The United States has been hostile to capital formation since at least the Sixties, when high corporate tax rates and the “I see money, gimme” attitude made it impossible for investment to come from shareholders. Since then, the primary method for creating capital assets has been to borrow the money — both payback and interest are income tax deductions like any other expense, where income from sales that might be used to fuel expansion is taxed heavily.
The result is disconnection between the stock market and anything resembling real “investment”, which is and only is capital formation. Corporations no longer pay dividends much, because the dividends are income to investors and taxed as such, and people who buy stock are primarily investing in the stock market itself, not in the underlying companies and their productivity. Yes, the market responds to company profitability, but it isn’t directly related to companies’ efficiency in using capital assets, it’s strictly according to “indicators”.
That’s not a stock market, it’s a casino.

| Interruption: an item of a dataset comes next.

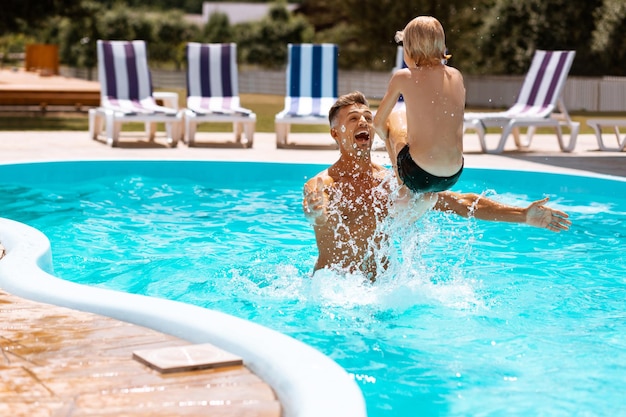 Vader lacht terwijl hij zijn zoon in het water gooit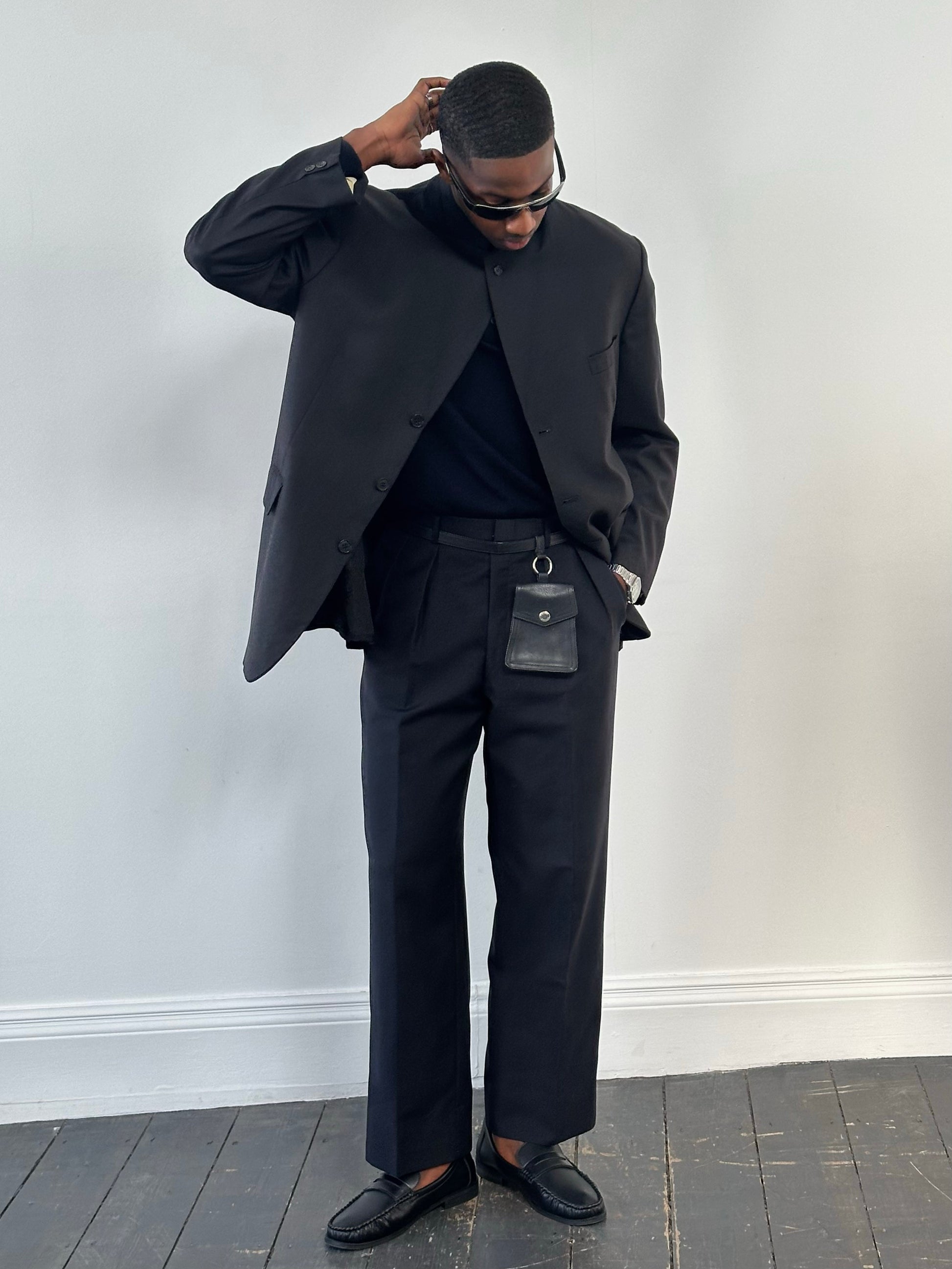 Vintage 1990s wool mohair pleated trousers in size W34, showcasing classic high-waisted design and tailored fit.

The <sneer>stimulus</sneer> was almost entirely delivered to the stock market and the money-shuffling “industries” that hang on it. As a result, Wall Street is doing fine, where the rest of us are being laid off and losing our houses. Goldman Sachs is highly profitable and paying out big bonuses — which they’re supposed to do when they’re profitable — but none of the money is being used to build factories for us to work in. It’s all being used to swap money around among the “investors” who have nothing to do with capital formation, only with money management.